[[ The data, beginning ]]

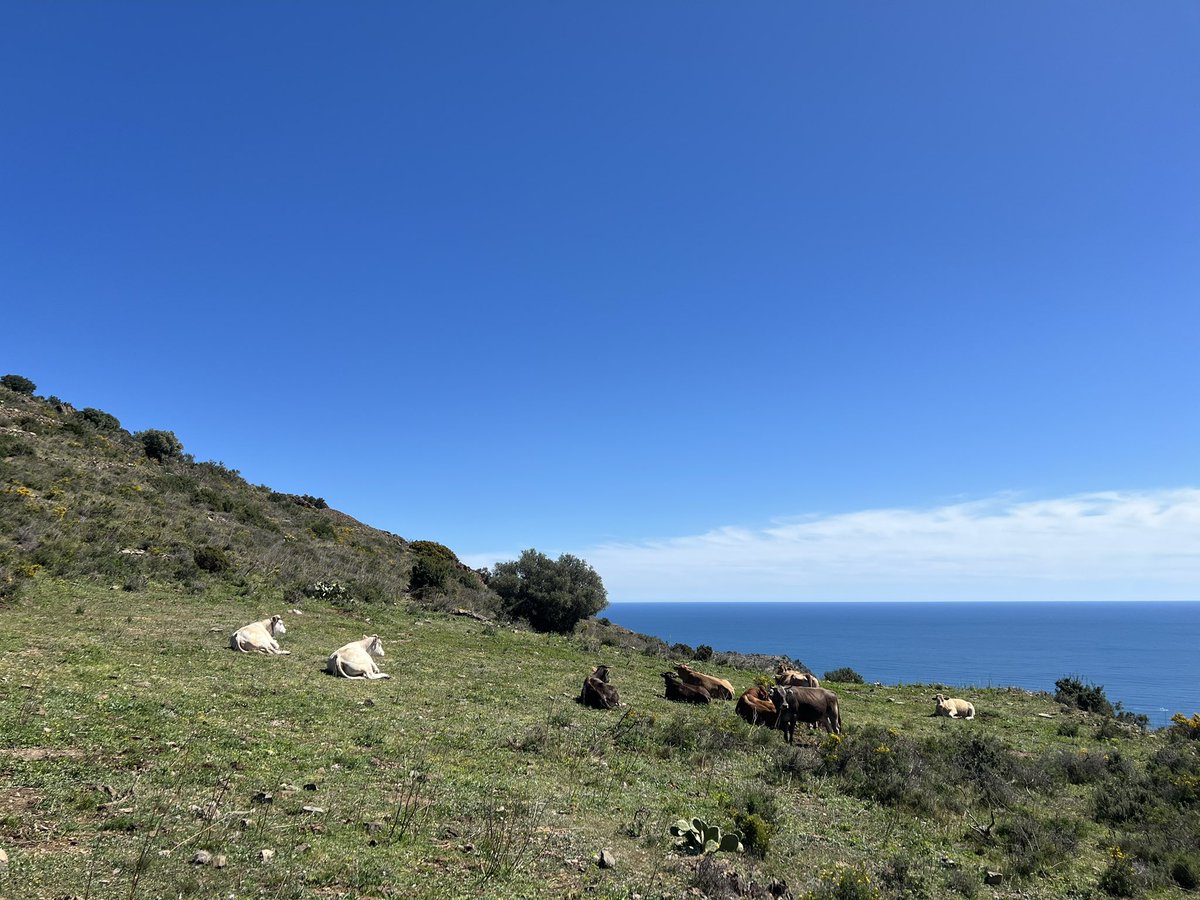 La tramuntana s’emporta el bou: open.spotify.com/track/3yrLx2M5…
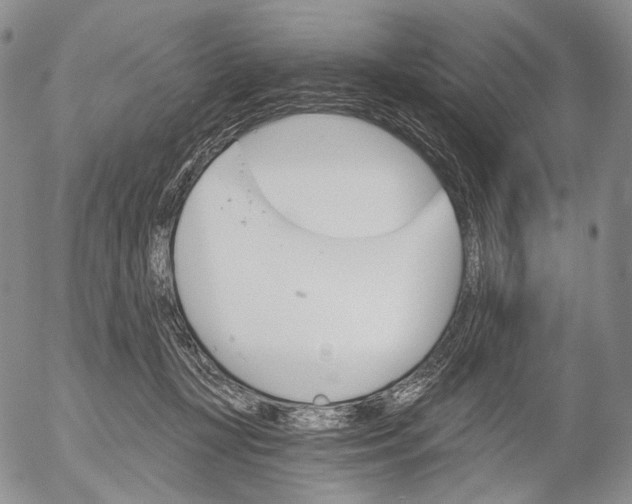 X0000052980367200507291557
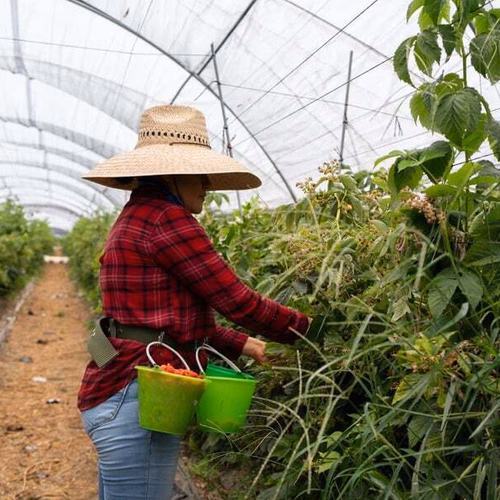 Farm worker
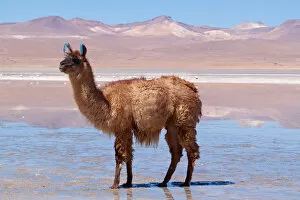 Images Dated 18th December 2016: Llama standing in mud at the edge of Laguna Colorada, Bolivia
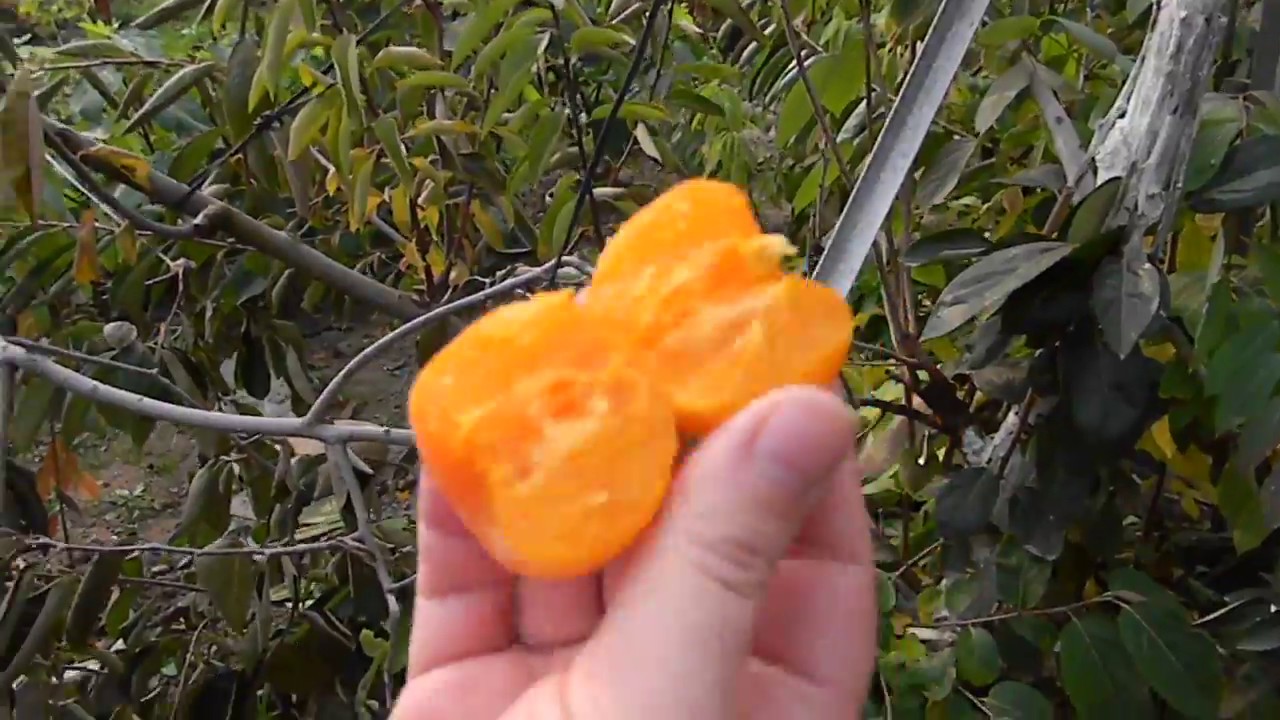 Хурма из косточки сбросила листья. Хурма виргинская крупноплодная. Хурма россиянка цветение. Размножение хурмы. Декоративная хурма.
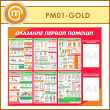 ����� ��������� ������ ������ � ������� � �������� ��������� (PM-01-GOLD)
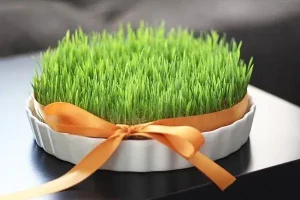 هنوز سبزه عیدتو نکاشتی؟ | نگران نباش کلیک کن تا یک سبزه با رشد 3 روزه بهت آموزش بدن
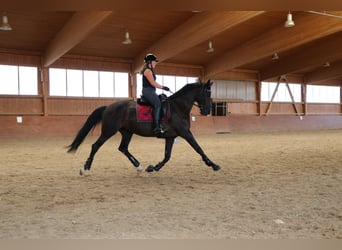 Westphalien, Jument, 12 Ans, 163 cm, Noir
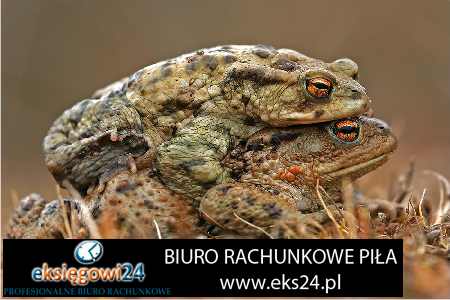 dobre biuro rachunkowe Piła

[[ The data, end ]]

All entries must be output exactly as they stand, and every picture must be left out.

 La tramuntana s’emporta el bou: open.spotify.com/track/3yrLx2M5…
 X0000052980367200507291557
 Farm worker
 Images Dated 18th December 2016: Llama standing in mud at the edge of Laguna Colorada, Bolivia
 Хурма из косточки сбросила листья. Хурма виргинская крупноплодная. Хурма россиянка цветение. Размножение хурмы. Декоративная хурма.
 ����� ��������� ������ ������ � ������� � �������� ��������� (PM-01-GOLD)
 هنوز سبزه عیدتو نکاشتی؟ | نگران نباش کلیک کن تا یک سبزه با رشد 3 روزه بهت آموزش بدن
 Westphalien, Jument, 12 Ans, 163 cm, Noir
 dobre biuro rachunkowe Piła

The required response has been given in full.